:: DATA PROVIDED ::

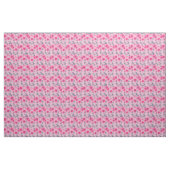 Tissu Graphisme floral rose pavot (Yard)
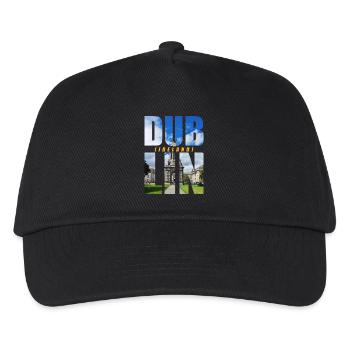 Dublin Irlande Souvenir - Casquette de baseball Enfant - noir - Devant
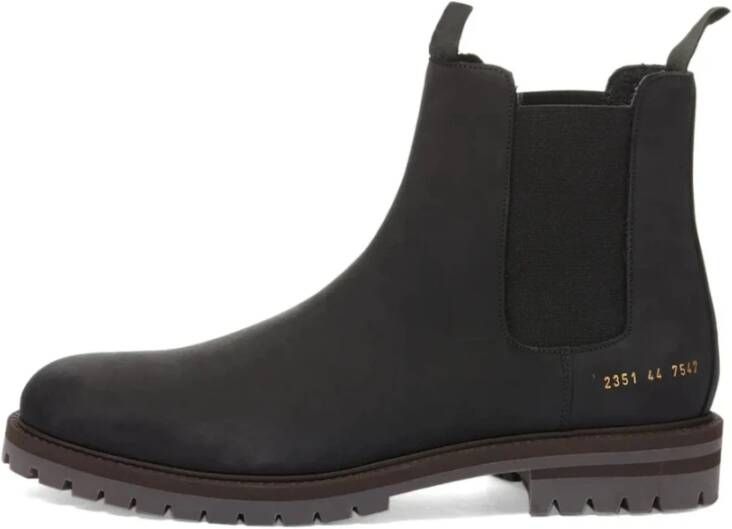 Common Projects Chelsea Boots Black Heren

:::

INSTRUCTIONS TO FOLLOW
The required output is the span of lines from the line with "Dublin Irlande Souvenir" through the final line of the listing above, reproduced exactly, minus the pictures.

ANSWER BELOW
 Dublin Irlande Souvenir - Casquette de baseball Enfant - noir - Devant
 Common Projects Chelsea Boots Black Heren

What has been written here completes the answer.